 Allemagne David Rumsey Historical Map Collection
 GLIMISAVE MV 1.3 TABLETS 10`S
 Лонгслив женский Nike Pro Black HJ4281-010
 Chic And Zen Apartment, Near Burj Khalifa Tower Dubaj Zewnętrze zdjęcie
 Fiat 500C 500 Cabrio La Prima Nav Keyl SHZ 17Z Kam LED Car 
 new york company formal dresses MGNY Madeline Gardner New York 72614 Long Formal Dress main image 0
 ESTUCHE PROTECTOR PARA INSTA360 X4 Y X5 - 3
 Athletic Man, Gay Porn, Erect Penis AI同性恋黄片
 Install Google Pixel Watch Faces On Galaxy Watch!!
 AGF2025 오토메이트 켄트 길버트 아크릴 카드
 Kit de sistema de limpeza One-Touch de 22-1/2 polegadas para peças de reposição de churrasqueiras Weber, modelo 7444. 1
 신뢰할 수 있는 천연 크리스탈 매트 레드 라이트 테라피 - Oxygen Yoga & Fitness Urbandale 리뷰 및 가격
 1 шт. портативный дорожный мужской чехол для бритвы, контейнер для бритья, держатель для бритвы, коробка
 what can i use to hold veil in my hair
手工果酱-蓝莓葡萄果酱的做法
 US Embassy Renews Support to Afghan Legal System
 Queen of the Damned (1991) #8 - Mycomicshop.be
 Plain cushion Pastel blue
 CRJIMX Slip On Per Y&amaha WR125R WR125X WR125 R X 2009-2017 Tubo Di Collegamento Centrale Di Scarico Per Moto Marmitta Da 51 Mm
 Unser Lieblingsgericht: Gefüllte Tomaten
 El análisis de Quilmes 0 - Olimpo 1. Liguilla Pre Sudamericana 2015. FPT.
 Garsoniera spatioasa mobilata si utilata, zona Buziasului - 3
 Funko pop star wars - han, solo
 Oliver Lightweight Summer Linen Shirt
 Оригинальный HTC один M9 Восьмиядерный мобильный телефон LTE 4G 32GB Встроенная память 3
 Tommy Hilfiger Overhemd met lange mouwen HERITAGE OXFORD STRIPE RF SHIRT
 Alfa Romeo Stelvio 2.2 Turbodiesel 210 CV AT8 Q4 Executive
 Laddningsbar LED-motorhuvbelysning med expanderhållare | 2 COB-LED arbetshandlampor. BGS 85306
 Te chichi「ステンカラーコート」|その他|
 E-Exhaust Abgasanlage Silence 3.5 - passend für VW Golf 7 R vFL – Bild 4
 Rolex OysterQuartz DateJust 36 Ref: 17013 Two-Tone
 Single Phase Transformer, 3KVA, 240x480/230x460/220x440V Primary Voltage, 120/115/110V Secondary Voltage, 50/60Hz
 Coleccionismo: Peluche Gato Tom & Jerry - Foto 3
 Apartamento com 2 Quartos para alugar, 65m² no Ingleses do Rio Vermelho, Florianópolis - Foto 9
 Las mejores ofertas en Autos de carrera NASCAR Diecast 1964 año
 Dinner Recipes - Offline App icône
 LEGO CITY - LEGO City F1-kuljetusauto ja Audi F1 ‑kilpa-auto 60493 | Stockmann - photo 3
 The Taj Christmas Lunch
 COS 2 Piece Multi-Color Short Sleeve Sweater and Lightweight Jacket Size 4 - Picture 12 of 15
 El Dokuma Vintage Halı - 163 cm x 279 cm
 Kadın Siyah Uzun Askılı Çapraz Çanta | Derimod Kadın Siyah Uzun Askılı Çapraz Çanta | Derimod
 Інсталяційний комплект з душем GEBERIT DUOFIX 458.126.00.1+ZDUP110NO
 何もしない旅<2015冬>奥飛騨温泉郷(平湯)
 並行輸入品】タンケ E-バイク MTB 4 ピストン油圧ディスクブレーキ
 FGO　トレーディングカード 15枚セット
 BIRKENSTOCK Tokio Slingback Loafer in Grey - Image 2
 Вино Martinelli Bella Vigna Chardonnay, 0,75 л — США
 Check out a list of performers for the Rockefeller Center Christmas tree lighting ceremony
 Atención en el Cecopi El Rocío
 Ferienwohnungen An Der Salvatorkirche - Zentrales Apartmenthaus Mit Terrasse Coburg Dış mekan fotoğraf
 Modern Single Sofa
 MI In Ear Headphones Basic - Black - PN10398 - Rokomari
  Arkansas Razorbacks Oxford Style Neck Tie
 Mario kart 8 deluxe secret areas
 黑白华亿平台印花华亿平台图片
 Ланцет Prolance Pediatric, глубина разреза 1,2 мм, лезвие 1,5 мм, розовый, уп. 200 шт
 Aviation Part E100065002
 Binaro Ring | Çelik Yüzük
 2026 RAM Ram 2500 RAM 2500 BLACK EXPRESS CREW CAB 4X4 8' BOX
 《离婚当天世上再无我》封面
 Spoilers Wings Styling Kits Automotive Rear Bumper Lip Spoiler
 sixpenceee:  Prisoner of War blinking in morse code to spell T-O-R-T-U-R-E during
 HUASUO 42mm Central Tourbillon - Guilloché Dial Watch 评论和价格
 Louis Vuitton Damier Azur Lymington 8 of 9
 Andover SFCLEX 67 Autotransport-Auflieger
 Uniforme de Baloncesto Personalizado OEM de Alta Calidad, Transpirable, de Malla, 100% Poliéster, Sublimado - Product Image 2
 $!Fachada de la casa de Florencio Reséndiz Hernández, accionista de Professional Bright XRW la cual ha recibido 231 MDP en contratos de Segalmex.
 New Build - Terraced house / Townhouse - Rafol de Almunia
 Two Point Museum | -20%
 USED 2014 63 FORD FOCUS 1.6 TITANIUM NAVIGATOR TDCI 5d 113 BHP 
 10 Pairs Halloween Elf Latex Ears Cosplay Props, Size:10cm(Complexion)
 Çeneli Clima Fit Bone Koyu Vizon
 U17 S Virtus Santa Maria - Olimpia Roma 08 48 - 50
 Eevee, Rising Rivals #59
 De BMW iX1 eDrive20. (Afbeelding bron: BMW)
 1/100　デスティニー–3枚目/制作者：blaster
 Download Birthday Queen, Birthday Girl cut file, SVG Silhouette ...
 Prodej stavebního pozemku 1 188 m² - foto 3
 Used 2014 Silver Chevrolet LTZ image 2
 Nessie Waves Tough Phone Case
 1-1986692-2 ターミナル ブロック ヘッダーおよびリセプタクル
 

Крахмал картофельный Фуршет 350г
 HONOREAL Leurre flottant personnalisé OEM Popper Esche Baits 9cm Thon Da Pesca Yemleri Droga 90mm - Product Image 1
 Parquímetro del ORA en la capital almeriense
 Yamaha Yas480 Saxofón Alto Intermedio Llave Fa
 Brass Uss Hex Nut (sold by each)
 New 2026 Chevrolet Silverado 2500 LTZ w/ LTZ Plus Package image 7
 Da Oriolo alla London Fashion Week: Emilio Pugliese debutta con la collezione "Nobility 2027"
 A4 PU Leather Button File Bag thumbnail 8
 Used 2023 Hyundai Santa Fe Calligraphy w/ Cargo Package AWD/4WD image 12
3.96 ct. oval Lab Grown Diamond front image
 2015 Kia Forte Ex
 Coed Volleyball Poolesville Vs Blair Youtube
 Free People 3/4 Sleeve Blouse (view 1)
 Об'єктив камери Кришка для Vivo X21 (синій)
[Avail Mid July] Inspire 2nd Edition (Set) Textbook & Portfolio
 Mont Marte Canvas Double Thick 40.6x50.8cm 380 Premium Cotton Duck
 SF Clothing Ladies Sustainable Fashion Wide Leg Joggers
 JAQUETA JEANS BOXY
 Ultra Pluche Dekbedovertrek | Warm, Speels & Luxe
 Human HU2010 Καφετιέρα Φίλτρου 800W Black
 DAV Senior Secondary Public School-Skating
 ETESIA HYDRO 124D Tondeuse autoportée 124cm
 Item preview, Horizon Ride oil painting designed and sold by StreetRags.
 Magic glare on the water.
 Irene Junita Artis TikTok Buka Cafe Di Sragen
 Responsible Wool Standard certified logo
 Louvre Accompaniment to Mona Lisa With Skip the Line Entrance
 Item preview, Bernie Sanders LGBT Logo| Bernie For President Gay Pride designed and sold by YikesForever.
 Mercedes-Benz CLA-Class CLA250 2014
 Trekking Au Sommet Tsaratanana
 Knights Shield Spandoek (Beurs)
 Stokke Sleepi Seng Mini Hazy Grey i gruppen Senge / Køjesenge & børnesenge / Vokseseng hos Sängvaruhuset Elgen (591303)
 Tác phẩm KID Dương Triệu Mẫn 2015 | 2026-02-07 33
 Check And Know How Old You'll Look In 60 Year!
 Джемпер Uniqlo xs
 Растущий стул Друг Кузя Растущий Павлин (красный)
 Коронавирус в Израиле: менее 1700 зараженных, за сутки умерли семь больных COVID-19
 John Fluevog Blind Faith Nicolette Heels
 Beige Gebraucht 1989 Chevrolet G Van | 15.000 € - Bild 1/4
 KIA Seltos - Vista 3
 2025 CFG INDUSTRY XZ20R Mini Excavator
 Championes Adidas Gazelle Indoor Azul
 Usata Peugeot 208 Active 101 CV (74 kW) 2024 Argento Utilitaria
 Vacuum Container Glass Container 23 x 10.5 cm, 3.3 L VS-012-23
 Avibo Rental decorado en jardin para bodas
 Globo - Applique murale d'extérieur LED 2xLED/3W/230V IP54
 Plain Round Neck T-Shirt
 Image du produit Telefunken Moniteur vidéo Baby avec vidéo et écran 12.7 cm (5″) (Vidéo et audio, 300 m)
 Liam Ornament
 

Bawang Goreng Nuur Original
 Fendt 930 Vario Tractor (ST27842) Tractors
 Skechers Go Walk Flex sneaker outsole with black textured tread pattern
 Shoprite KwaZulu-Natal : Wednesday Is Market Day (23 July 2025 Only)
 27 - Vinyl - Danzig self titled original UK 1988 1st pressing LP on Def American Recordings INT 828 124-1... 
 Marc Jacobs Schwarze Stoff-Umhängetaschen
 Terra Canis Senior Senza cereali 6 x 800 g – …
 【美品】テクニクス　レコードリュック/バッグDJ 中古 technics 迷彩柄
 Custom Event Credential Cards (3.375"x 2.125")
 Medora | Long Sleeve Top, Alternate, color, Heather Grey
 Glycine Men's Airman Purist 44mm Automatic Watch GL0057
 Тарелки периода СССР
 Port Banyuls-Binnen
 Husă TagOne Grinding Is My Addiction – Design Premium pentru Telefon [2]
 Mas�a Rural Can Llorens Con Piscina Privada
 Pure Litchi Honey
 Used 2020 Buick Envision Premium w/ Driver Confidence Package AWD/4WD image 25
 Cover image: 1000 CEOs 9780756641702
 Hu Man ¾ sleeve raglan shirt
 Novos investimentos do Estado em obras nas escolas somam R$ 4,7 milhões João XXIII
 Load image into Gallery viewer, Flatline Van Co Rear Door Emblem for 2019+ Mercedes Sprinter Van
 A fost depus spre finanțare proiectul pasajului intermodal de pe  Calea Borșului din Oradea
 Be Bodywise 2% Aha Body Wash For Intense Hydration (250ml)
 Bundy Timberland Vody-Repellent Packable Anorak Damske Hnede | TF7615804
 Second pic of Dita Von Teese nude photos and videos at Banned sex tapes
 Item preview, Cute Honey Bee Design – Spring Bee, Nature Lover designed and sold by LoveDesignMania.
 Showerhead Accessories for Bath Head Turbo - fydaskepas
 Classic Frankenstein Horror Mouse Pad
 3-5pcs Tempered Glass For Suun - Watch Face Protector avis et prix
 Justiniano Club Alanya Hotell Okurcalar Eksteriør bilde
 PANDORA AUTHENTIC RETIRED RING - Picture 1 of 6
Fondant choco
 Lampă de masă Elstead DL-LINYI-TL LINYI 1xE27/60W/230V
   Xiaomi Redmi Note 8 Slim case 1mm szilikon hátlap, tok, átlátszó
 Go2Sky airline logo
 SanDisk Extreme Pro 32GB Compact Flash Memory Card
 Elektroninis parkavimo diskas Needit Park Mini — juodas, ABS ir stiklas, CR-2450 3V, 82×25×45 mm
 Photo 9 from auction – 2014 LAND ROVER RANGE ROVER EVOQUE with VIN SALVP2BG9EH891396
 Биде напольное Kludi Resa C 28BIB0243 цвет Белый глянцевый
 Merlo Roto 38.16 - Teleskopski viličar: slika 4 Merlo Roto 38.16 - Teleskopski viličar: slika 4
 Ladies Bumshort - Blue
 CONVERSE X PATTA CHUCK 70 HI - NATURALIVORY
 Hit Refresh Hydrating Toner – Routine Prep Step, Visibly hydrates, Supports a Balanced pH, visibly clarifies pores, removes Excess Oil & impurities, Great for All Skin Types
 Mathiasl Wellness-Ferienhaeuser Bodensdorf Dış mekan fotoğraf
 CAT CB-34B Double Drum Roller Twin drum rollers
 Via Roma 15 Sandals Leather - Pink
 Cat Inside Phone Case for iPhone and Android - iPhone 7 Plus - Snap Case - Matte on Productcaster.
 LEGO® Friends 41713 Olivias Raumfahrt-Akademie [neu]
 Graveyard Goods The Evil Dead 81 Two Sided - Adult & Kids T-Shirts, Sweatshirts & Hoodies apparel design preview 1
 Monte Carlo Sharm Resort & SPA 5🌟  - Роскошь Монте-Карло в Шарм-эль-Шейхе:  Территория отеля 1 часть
■ ■ ■ ■ ■ ■ ■
Your task is to restate, word for word, each line from the one that includes "LEGO® Friends 41713" to the end of the records, with both ends included and nothing else.

- **RESULT OF THIS EXERCISE**:
 LEGO® Friends 41713 Olivias Raumfahrt-Akademie [neu]
 Graveyard Goods The Evil Dead 81 Two Sided - Adult & Kids T-Shirts, Sweatshirts & Hoodies apparel design preview 1
 Monte Carlo Sharm Resort & SPA 5🌟  - Роскошь Монте-Карло в Шарм-эль-Шейхе:  Территория отеля 1 часть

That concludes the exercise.